> [WORK TASK]: Begin your transcription at the line containing "Black Monogram Puffy Coussin PM" and continue it, word for word, to the final line below. Include only those lines and skip the pictures.

> [SUPPLIED DATA]:
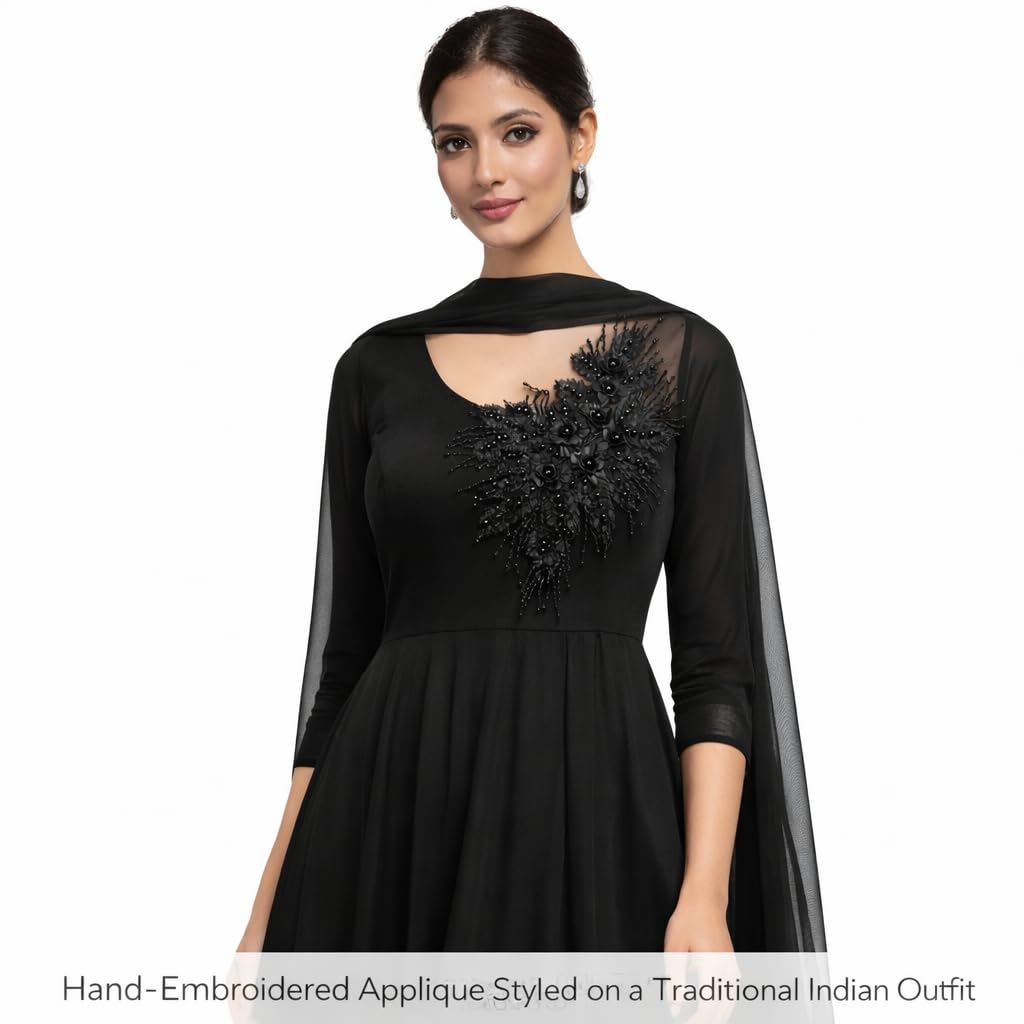 S.A.V.I Black 3D Floral Embroidered Sew-On Applique Patch 38.8 x 29.9 cm Beaded Mesh Lace Motif for Bridal Lehenga Saree Blouse Gown DIY Ethnic Craft (Black)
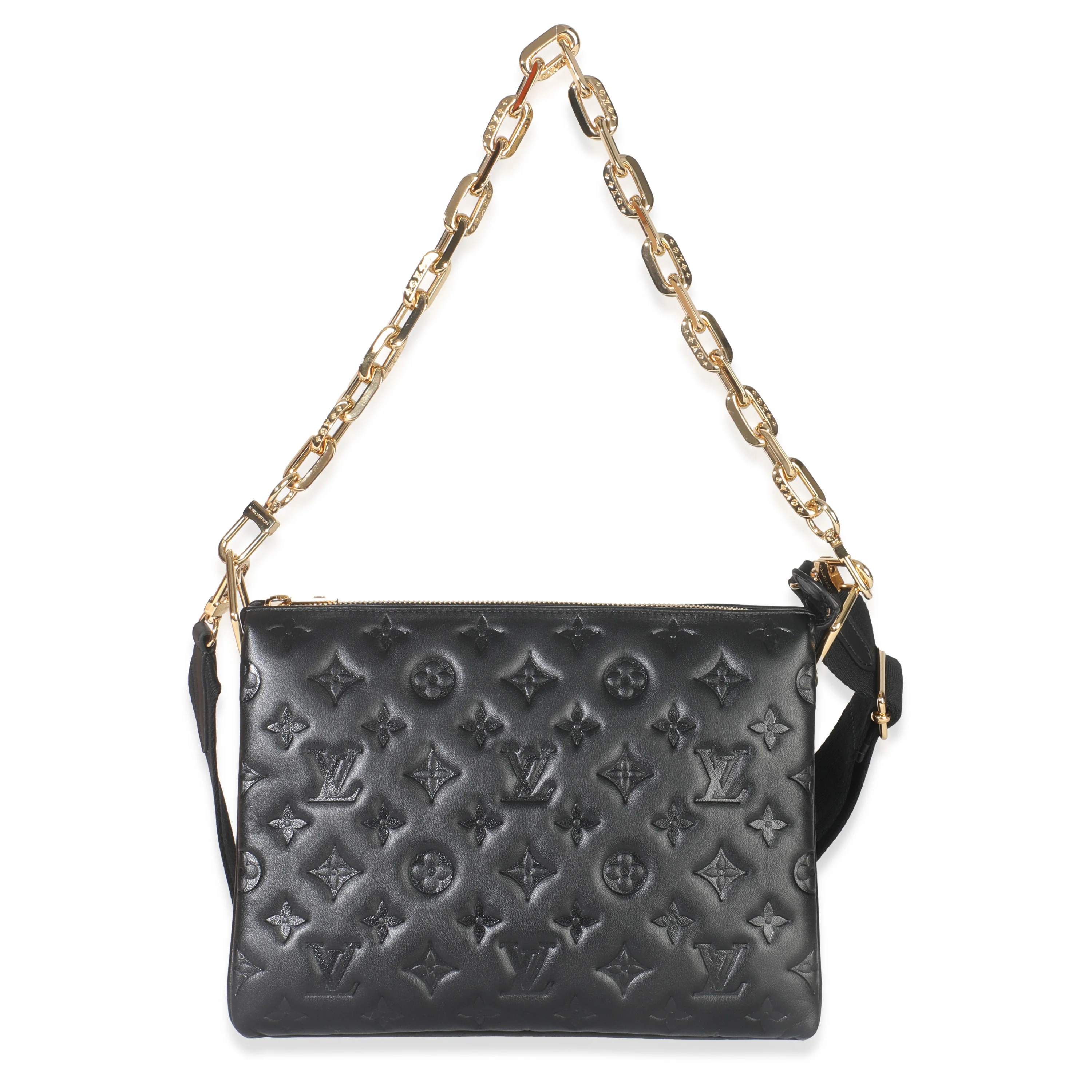 Black Monogram Puffy Coussin PM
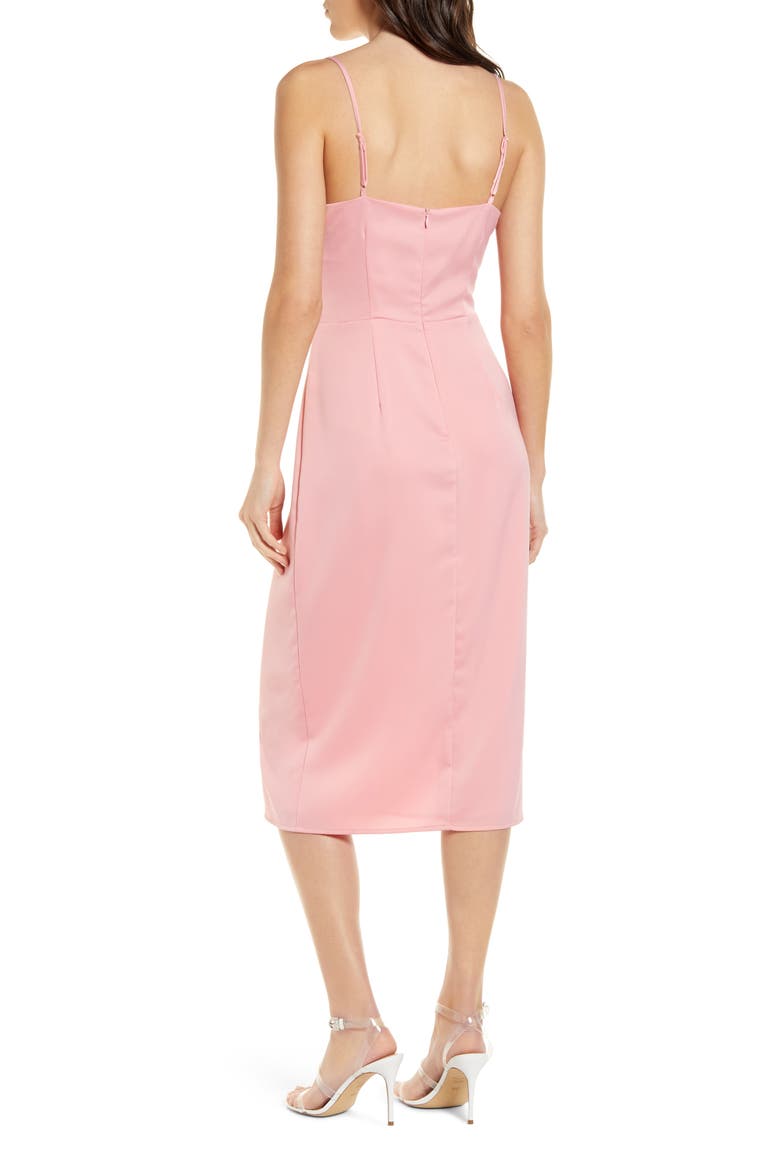 Aquila Faux Wrap Slipdress, Alternate, color, PEONY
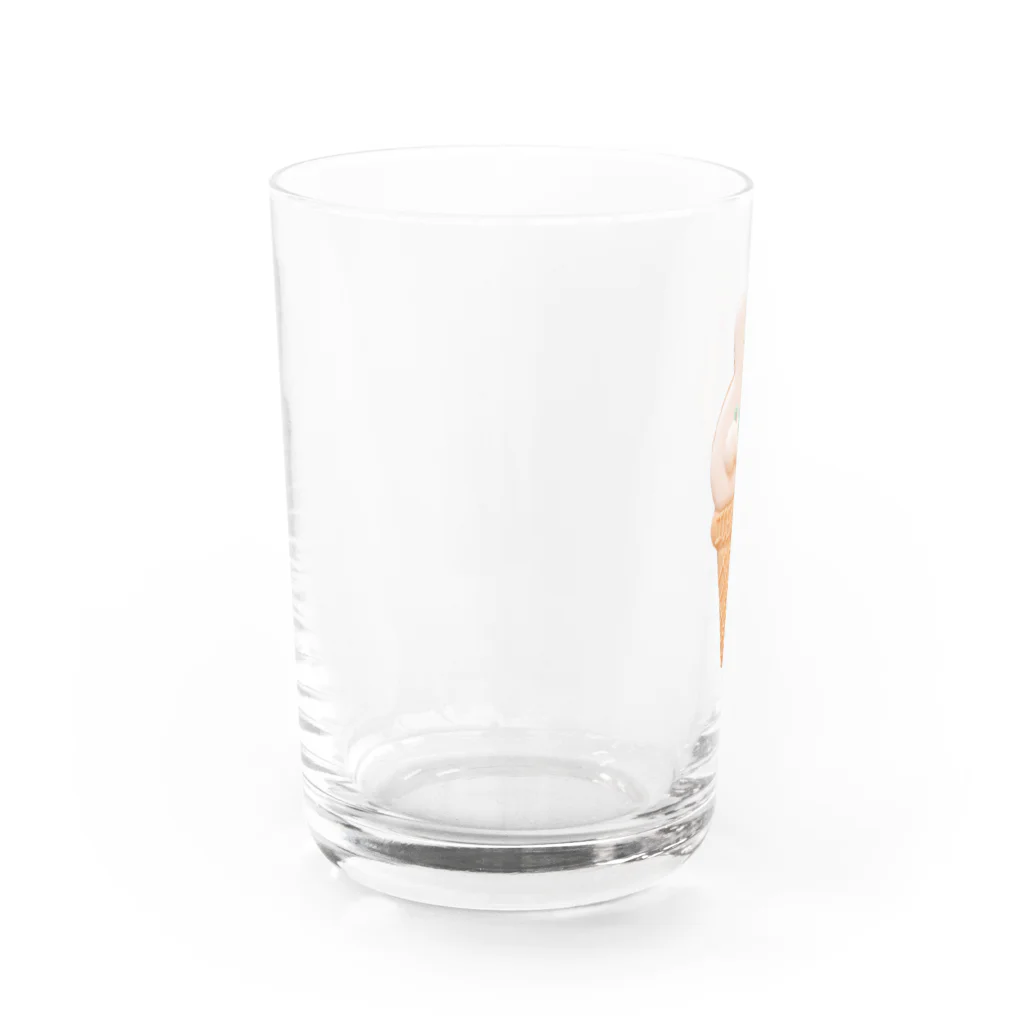 3:biscuit~スリービスケット~のうさちゃんアイス（いちご） Water Glass :left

> [EXERCISE RESULT]:
 Black Monogram Puffy Coussin PM
 Aquila Faux Wrap Slipdress, Alternate, color, PEONY
 3:biscuit~スリービスケット~のうさちゃんアイス（いちご） Water Glass :left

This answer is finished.